Although he is a “strong creative,” Manx’s monstrosity stems from his lack of imagination. Christmasland represents the “limits of Charlie Manx’s imagination” (p. 641). He can’t imagine or understand the horror of a situation. Maggie describes Christmasland as Manx’s “idea of endless fun, endless youth, dressed up in a form his dumb little mind can understand” (p. 552). It is this idiocy, this limited imagination that turns Manx into a monster, and allows him to turn the children he kidnaps into monsters in precisely the same kind of way. During the climactic battle, Vic realizes, “Whatever the children had become, whatever [Manx] had done to them, he had done to make them safe, to keep them from being run down by the world. He believed in his own decency with all his heart. So it was with every true monster, Vic supposed” (p. 651).

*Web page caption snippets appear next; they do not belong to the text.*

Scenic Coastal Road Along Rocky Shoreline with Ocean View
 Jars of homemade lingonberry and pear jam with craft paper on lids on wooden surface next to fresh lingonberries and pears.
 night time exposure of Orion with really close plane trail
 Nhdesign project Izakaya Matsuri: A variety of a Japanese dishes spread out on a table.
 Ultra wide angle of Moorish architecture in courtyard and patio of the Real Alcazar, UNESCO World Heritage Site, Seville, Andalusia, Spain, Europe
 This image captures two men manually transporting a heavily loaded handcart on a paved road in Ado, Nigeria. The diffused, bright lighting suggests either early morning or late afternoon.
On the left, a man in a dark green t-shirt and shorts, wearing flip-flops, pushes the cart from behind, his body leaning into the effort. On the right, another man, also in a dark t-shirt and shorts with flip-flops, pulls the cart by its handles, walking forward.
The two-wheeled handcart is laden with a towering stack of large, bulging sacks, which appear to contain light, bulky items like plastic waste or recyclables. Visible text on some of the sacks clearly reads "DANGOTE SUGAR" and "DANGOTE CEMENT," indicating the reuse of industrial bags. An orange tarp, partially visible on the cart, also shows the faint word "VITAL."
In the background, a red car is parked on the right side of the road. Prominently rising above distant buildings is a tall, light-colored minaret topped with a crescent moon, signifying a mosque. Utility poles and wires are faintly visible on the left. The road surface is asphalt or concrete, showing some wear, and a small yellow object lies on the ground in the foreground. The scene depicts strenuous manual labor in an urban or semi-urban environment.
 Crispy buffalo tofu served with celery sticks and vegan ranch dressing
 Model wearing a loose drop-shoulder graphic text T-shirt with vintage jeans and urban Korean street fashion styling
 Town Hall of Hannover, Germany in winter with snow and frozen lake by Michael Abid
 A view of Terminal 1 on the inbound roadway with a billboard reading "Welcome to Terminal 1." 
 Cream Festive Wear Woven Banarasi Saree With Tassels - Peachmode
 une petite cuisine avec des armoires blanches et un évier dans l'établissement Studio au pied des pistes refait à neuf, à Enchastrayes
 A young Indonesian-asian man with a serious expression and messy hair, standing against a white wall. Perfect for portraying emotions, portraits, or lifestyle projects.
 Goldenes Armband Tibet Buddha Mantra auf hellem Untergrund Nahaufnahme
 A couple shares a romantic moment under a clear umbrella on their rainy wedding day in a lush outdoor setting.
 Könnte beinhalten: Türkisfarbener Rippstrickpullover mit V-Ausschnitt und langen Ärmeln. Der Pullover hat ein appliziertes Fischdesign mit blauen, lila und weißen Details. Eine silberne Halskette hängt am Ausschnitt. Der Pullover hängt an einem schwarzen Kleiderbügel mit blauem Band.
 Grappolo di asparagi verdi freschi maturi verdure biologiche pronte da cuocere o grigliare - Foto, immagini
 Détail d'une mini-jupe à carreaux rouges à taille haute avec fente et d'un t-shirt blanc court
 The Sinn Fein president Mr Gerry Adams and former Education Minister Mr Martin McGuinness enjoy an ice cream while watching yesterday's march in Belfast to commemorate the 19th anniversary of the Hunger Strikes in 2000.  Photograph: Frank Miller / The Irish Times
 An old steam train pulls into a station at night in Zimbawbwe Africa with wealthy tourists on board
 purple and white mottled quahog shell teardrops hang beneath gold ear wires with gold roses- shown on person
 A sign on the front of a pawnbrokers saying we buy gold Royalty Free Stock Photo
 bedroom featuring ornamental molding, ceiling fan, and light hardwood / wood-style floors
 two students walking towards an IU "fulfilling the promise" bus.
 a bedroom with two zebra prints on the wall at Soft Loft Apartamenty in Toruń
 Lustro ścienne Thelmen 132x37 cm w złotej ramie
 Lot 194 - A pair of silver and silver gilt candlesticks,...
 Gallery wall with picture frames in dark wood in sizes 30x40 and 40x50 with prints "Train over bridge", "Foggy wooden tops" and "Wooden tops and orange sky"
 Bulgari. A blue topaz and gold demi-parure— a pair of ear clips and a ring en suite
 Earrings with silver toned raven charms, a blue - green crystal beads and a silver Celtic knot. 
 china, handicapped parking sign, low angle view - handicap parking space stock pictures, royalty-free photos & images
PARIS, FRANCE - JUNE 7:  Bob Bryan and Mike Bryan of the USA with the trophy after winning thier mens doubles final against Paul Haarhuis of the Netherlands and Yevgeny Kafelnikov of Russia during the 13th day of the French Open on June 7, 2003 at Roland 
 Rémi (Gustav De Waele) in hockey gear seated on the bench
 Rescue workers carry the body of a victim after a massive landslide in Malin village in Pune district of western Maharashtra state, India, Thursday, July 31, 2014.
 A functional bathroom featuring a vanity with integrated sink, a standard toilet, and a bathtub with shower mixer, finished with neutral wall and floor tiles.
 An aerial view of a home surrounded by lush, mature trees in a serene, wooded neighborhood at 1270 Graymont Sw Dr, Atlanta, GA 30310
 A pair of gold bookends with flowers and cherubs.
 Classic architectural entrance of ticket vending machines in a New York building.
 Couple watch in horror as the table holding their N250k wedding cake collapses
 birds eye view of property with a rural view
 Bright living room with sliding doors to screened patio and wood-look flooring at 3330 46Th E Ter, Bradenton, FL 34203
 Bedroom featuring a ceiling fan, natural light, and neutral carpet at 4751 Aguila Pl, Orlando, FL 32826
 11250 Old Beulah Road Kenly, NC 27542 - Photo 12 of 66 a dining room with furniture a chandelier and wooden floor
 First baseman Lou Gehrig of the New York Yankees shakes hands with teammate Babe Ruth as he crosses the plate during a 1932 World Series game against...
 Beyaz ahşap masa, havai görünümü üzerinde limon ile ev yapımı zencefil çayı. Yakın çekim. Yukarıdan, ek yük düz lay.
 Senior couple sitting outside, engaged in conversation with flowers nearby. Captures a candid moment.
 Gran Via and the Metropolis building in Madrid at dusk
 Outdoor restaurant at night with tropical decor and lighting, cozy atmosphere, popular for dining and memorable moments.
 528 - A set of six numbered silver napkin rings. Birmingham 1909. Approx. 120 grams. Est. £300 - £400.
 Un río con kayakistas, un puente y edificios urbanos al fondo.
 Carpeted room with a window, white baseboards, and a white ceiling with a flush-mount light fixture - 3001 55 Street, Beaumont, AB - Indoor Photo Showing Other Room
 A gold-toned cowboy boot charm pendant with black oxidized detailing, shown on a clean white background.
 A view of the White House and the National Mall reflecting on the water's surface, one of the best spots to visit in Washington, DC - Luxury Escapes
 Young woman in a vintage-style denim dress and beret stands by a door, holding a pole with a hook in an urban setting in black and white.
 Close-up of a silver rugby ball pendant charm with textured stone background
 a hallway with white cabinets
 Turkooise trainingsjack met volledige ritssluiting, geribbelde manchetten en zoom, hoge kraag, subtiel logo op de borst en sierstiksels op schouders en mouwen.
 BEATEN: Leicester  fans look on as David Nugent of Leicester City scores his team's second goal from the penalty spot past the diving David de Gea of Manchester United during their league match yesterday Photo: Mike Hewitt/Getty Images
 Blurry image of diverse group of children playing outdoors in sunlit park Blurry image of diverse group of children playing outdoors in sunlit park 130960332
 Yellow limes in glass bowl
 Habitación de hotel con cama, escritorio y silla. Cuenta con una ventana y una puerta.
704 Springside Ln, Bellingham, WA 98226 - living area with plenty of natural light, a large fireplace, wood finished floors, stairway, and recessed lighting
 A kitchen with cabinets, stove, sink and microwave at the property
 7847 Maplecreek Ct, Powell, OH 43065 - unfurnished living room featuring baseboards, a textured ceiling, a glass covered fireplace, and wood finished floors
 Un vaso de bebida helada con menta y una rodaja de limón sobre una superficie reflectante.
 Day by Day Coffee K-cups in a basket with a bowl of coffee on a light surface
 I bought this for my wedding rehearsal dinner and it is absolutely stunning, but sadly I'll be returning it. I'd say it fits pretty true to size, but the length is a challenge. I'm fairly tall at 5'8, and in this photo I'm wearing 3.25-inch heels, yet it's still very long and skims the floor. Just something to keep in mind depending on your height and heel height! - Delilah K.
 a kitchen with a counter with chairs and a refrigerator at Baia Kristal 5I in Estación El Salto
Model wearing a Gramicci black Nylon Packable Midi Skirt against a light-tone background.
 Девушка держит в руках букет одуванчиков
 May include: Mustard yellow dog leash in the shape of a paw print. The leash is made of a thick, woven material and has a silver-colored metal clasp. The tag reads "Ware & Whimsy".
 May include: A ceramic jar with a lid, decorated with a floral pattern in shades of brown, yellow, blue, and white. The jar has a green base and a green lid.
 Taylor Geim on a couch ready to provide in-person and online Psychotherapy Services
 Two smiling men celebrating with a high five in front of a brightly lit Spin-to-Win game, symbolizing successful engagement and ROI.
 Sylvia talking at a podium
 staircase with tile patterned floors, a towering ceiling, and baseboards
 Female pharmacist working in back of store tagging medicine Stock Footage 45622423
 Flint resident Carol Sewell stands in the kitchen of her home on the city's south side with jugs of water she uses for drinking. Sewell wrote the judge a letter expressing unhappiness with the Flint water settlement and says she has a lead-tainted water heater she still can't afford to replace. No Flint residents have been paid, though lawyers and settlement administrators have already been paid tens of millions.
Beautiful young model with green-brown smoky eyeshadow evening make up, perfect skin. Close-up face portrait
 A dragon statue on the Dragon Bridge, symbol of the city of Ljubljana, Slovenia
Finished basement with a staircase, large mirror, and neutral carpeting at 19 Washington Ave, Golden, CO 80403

George Eliot agreed with Adam Smith’s The Theory of Moral Sentiments that “the sympathetic imagination is the foundation of all morality” (Austen 560). And for Eliot, literature fostered this imagination. I suspect that although George Eliot was a staunch Victorian realist, she and Joe Hill are really on the same page. (See also Dickens’s contrast between Fact and Fancy in Hard Times for more of the same idea from another Victorian “realist.”) A weak imagination means an inability to sympathize with others—one fails to imagine oneself in another’s shoes. If that someone else is experiencing something horrific, you won’t sympathize in the proper way. And if you can’t sympathize, you don’t fully understand what’s happening.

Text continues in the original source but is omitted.